*WORKING DATA:*
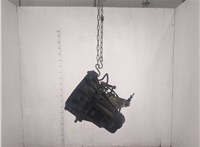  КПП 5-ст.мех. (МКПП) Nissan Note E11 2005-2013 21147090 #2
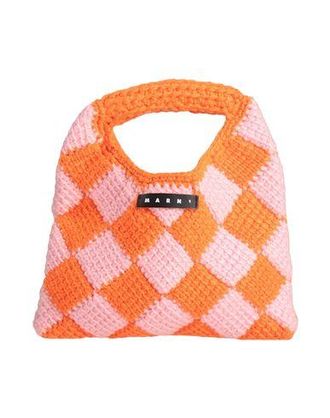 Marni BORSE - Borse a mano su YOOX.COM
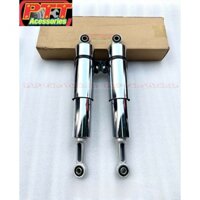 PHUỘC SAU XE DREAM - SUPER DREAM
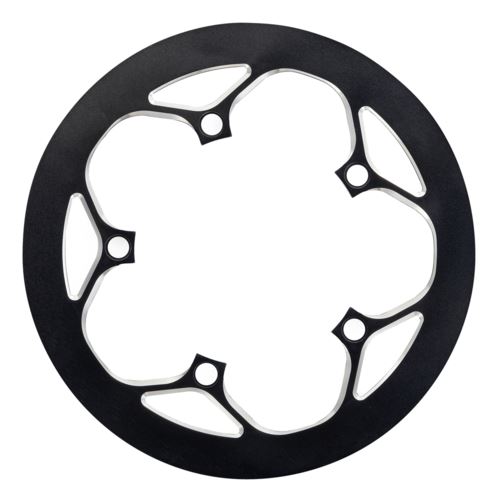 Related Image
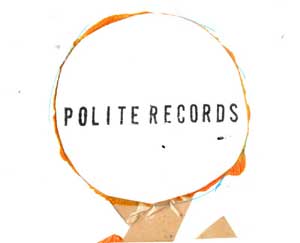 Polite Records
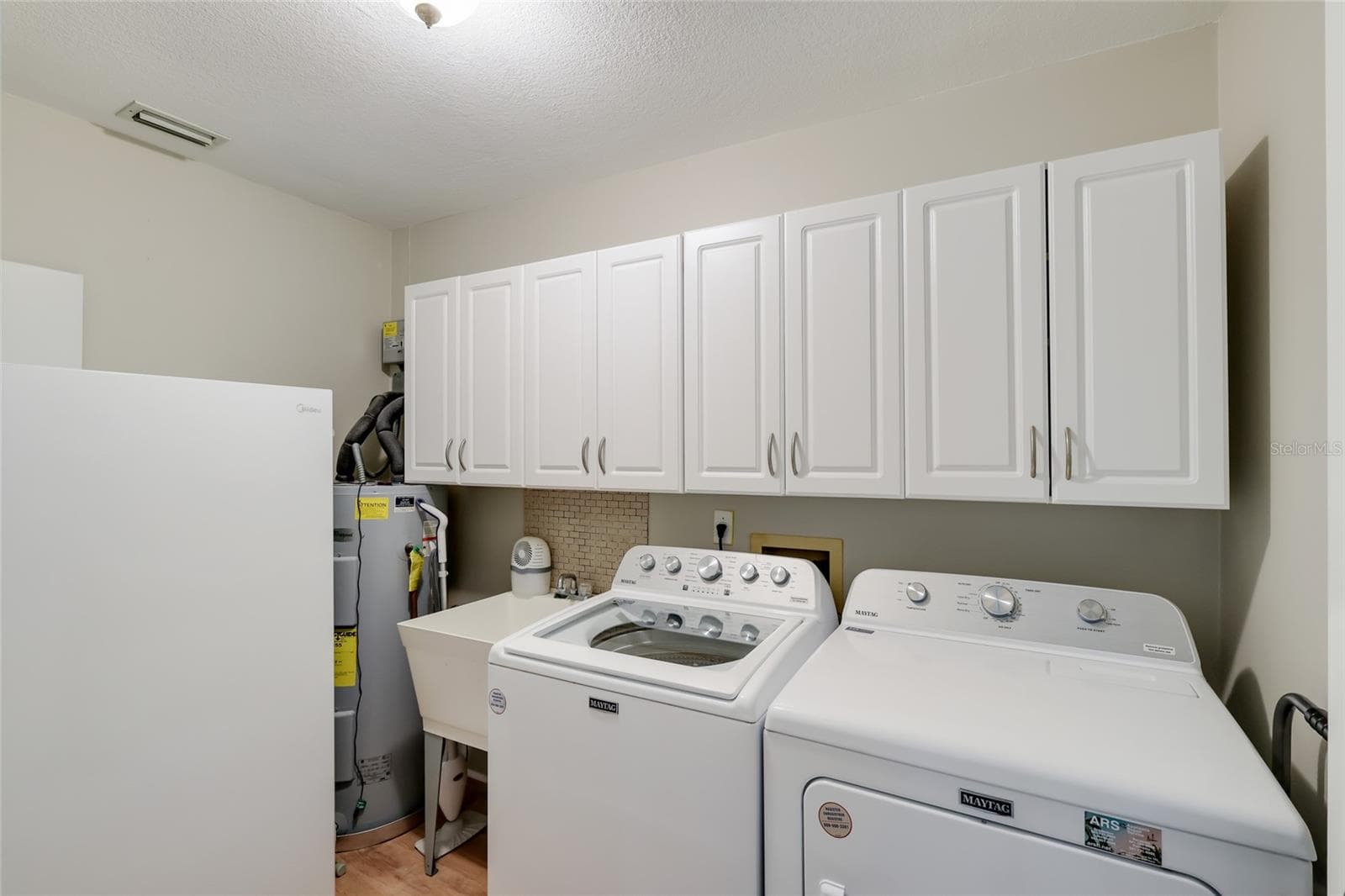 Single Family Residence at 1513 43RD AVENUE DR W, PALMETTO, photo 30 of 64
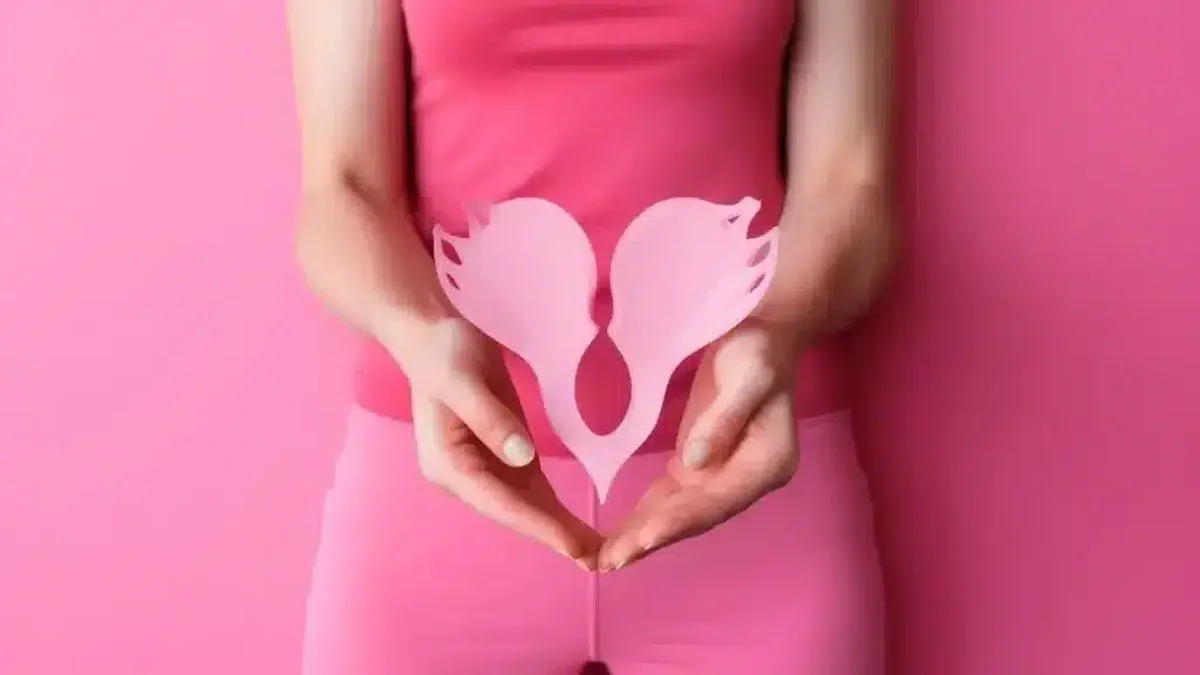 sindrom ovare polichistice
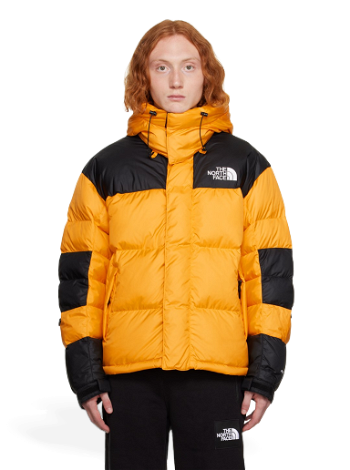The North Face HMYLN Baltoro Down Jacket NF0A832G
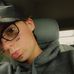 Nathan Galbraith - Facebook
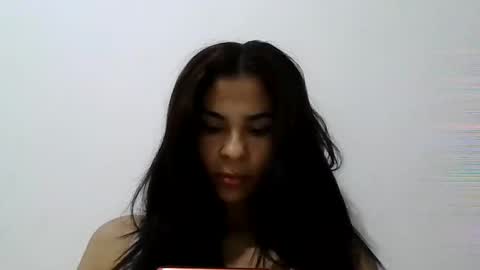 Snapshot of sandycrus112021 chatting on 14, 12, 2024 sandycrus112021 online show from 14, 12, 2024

*TASK DIRECTIONS:*
Without the pictures, copy out all the records above exactly.

*TASK SOLUTION:*
  КПП 5-ст.мех. (МКПП) Nissan Note E11 2005-2013 21147090 #2
 Marni BORSE - Borse a mano su YOOX.COM
 PHUỘC SAU XE DREAM - SUPER DREAM
 Related Image
 Polite Records
 Single Family Residence at 1513 43RD AVENUE DR W, PALMETTO, photo 30 of 64
 sindrom ovare polichistice
The North Face HMYLN Baltoro Down Jacket NF0A832G
 Nathan Galbraith - Facebook
 Snapshot of sandycrus112021 chatting on 14, 12, 2024 sandycrus112021 online show from 14, 12, 2024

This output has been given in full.